Decentralized exchanges are booming, and their growth is currently outpacing that of their centralized counterparts, according to a new report from Chainalysis.
Between August 2020 to 2021, the value on large decentralized exchanges (DEXs), like Curve, Uniswap, and PancakeSwap grew by about 550%. The number of DEXs has grown more than any other category. That puts them head and shoulders above that of over-the-counter brokers, centralized exchanges, and what Chainalysis calls “high-risk exchanges,” or ones with minimal know your customer (KYC) requirements.
In fact, the number of large decentralized exchanges has been on the rise even as the number of total active cryptocurrency exchanges has been steadily declining, according to Chainalysis. In July last year, after rising steadily since January 2019, the number of all active crypto exchanges started to flatten out. In the 12 months that followed, the count dropped from 845 to 672. That wasn’t a surprise for the Chainalysis research team, said Kim Gauer, the firm’s head of research. But it did leave some questions unanswered.
They knew going into the data analysis that there had been consolidation among crypto exchanges, she told Decrypt, but not how unevenly it had impacted different types of exchanges.
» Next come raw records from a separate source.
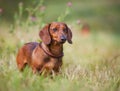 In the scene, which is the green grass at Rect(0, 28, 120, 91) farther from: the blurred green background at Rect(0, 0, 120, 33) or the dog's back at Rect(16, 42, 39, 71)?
the blurred green background at Rect(0, 0, 120, 33)

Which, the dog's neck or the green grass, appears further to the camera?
the dog's neck

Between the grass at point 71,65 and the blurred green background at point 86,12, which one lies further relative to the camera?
the blurred green background at point 86,12

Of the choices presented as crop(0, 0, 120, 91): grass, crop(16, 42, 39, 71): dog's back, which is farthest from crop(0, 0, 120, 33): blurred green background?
crop(16, 42, 39, 71): dog's back

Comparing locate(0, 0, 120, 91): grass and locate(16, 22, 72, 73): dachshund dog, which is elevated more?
locate(16, 22, 72, 73): dachshund dog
Most of the decline appears to come from smaller exchanges shutting down, Gauer said. If there are mergers and acquisitions prompting those shut downs, it’s not clear from the data Chainalysis analyzed. But she said she suspects many of them shutter because they can’t get enough liquidity.
The number of active exchanges used to follow the market a few years ago, but that stopped being the case when a few large players in each category became dominant and grew much faster than their smaller counterparts.
As Chainalysis points out in its report, the growth of DEXs “coincides with the explosive growth of the DeFi category in general.” DeFi is a catch-all term for a group of financial products that allow their users to trade, borrow, and lend crypto assets without the need for third-party intermediaries. There is now more than $274 billion flowing in DeFi applications, and most of it is locked up in Ethereum-based DEXs such as Curve and Uniswap, per data from DeFi Llama.
Growth among derivatives exchanges, which are still small in number compared to other categories, has also been noteworthy.
There were 265,000 transactions on derivatives exchanges in August. That was dwarfed by the 5 million transactions made on DEXs in the same month. But the average size of transactions in derivatives was $79,000 compared to $26,500 in DEXs.
Because the average transactions on derivatives exchanges were larger, the value on them has grown even more than DEXs have in the last year. Large derivatives exchanges like Derebit, Bitmex, and FTX soared by 686 percent, according to the report.
“We’re seeing large investments going to these platforms, even though there’s not many right now that we have listed as derivatives [exchanges] in our data,” she said. “But they’re big and highly liquid.”